Заметив на лице Мура испуганное замешательство, Эатре сказала: «Ну хорошо, слушай. Я советую, прежде всего, проявлять находчивость. Преодолевай препятствия, не смиряйся с поражениями! Стремись к совершенству! Ты должен пытаться превзойти непревзойденных, даже если на это уйдет вся жизнь и в конце ее не будет удовлетворения!»

Мур критически повторил в уме сказанное: «Значит, я должен лучше всех знать обряды и священные тексты? Лучше, чем Шальрес? Лучше, чем толстый Нич, кода он станет чистым отроком? Значит, нужно превзойти всех хилитов и стать верховным экклезиархом?»

Эатре долго не отвечала: «Значит, так — ежели тебе не терпится быть экклезиархом».

Мур, умевший распознавать тончайшие интонации в голосе матери, медленно кивнул.

«А теперь пора спать, — сказала Эатре. — Будь осторожен, занимаясь на хитане! Приглуши струны сурдиной, не грохочи гремушкой. Иначе Оссо отправит меня в сыромятню раньше времени».

В темноте Мур перебирал струны, дрожа вместе с тихими звуками. Он не пострижется в чистые отроки ни за что! Убежит с матерью, станет музыкантом! Они... нет, они не могут бежать — Эатре в крепостном долгу, Эатре потеряет голову. А без нее он не уйдет — немыслимо! Что тогда? Что делать? Мур заснул, прижимая к груди хитан.

Утро принесло ужасные известия. В отстойнике кожевенного завода нашли лежавший ничком труп Шальреса Гаргамета. Никто не понимал, почему и как он умер — но руки и ноги его были неестественно вывернуты в суставах, как у танцоров на древних барельефах.

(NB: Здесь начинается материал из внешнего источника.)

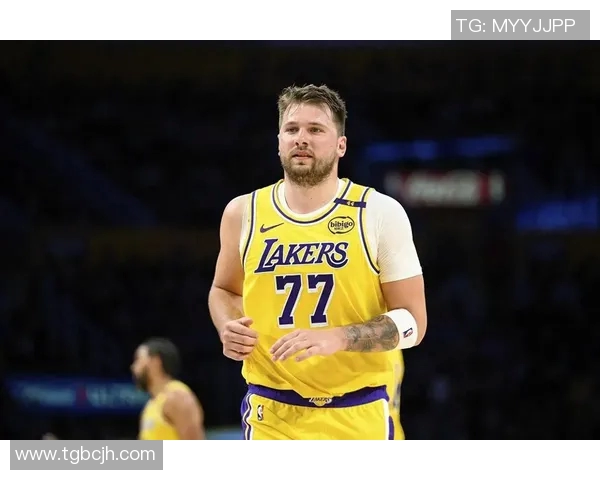 3位球星被摆上货架！2.1亿豪阵准备重建，不要东契奇，威少好机会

Чуть позже от хижины к хижине шепотом поползли слухи. Оказывается, вчера Шальрес собирал ягоды для конклава. Уже отведав ягод, Великий Муж Оссо обнаружил среди них длинный черный женский волос. Сплетники, бормотавшие друг другу на ухо, чувствовали прохладную дрожь, пробегавшую по телу — любопытное ощущение, вызванное не столько страхом, сколько пониманием чрезмерной, нелепой жестокости происшедшего. Узнав обстоятельства смерти брата, Мур побледнел белее смерти, забрался в самый темный угол хижины и прижался к полу лицом вниз, закрыв голову руками. Так он лежал, не шевелясь, до наступления темноты. Только редкое нервное подергивание лопаток напоминало, что он еще жив.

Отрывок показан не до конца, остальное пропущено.